- **Task description**: Repeat only the lines below that run from the line with "11 Spencer Lane Lee NH 03861" to the line with "BMW 7 E65 E66 Fuse module 7510638", ends included; skip every picture.

- **Provided data**:

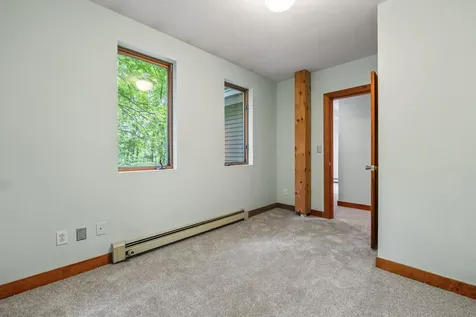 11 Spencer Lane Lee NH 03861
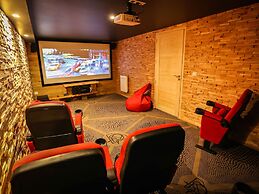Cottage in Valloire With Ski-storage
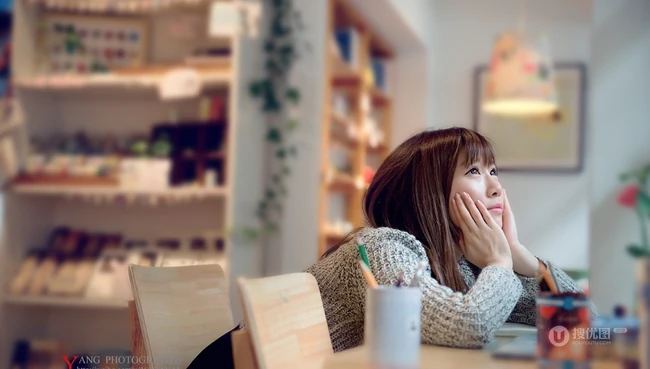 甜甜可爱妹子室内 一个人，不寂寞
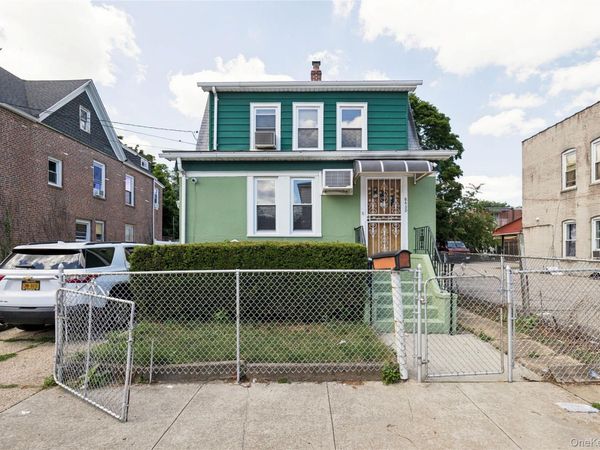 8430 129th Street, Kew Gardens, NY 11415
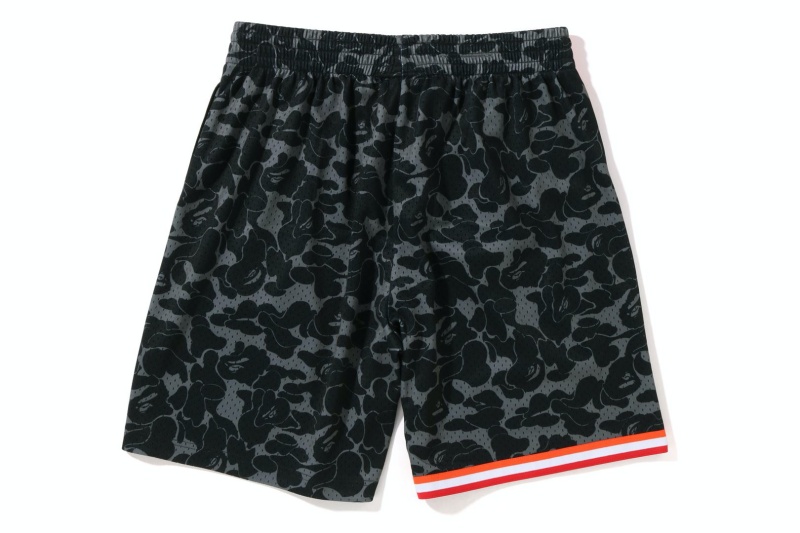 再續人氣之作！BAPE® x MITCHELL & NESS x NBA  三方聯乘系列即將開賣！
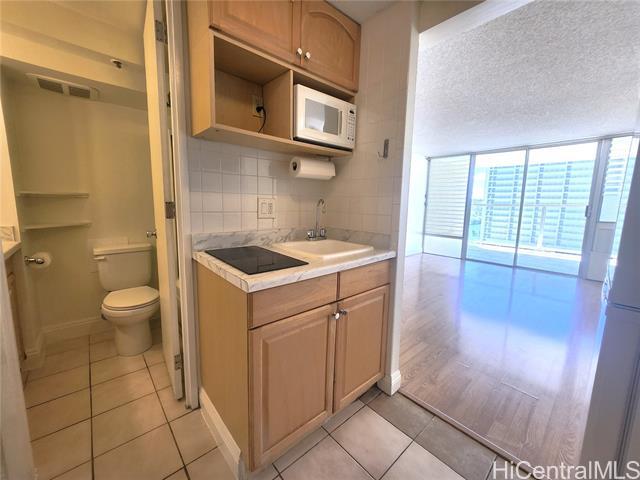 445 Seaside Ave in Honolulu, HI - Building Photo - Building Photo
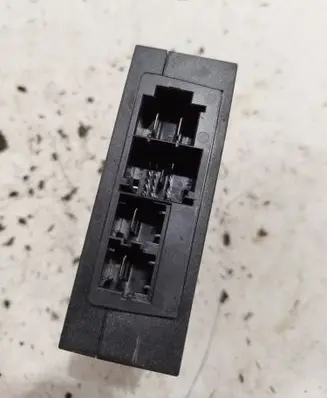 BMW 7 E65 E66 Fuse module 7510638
---
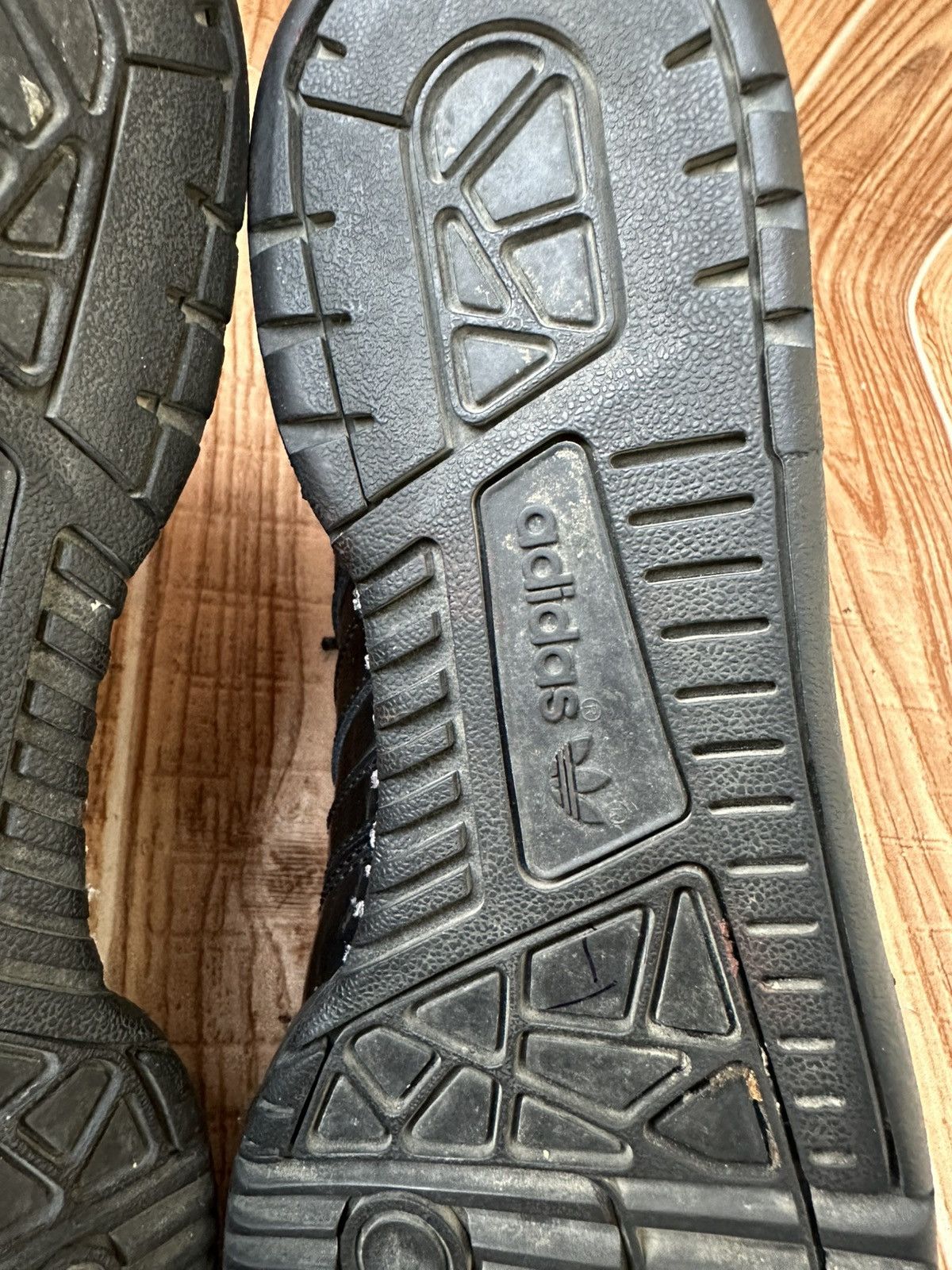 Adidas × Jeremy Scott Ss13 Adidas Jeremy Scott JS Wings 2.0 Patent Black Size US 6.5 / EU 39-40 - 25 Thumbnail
* * *
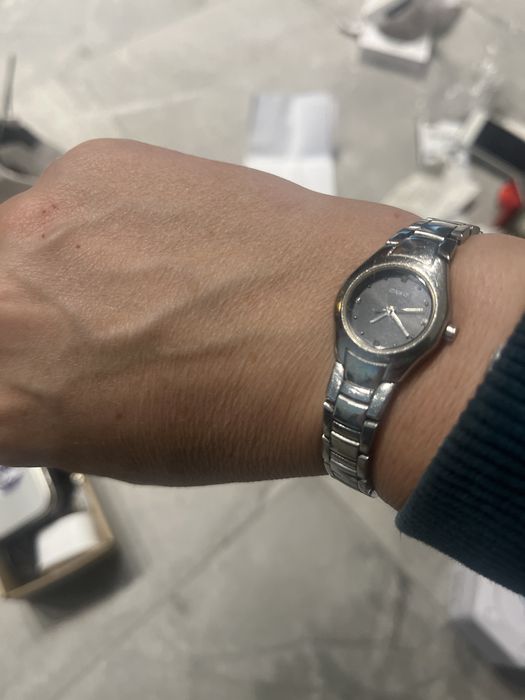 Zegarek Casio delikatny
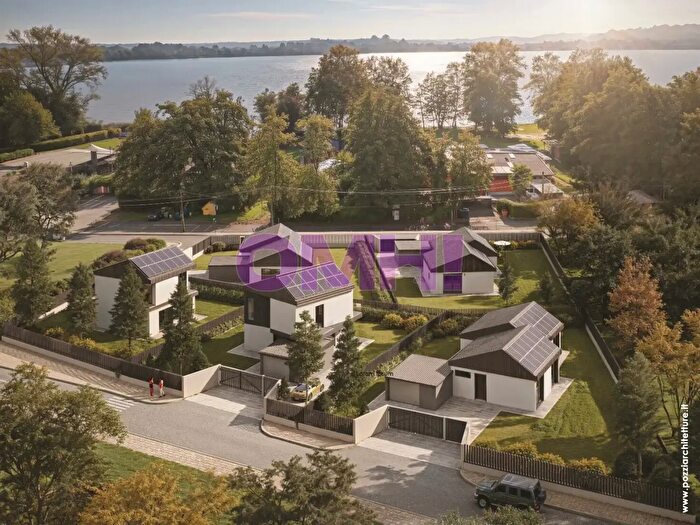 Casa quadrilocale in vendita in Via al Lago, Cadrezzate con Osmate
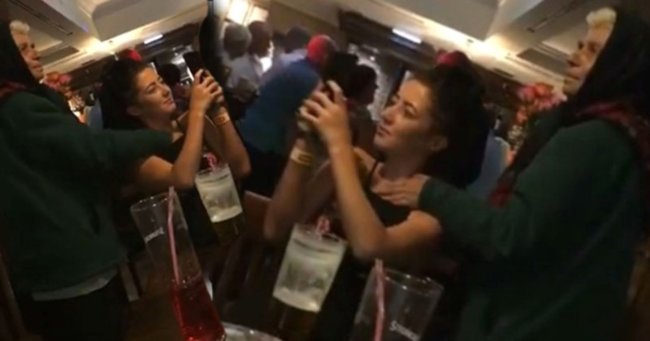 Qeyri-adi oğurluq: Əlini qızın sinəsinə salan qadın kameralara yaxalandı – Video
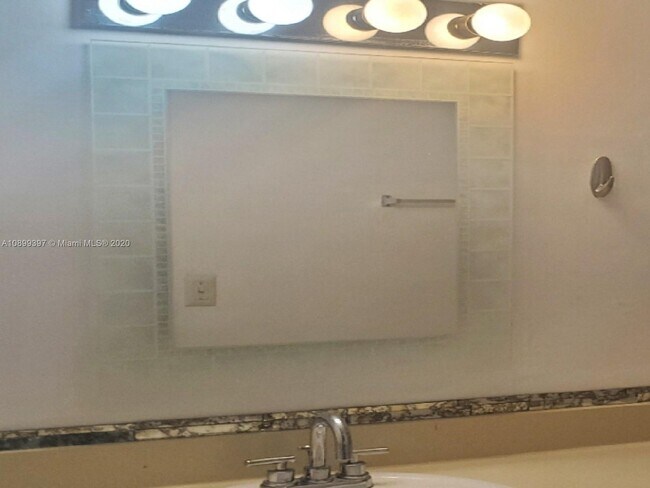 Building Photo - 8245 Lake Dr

- **Written answer**:
 11 Spencer Lane Lee NH 03861
Cottage in Valloire With Ski-storage
 甜甜可爱妹子室内 一个人，不寂寞
 8430 129th Street, Kew Gardens, NY 11415
 再續人氣之作！BAPE® x MITCHELL & NESS x NBA  三方聯乘系列即將開賣！
 445 Seaside Ave in Honolulu, HI - Building Photo - Building Photo
 BMW 7 E65 E66 Fuse module 7510638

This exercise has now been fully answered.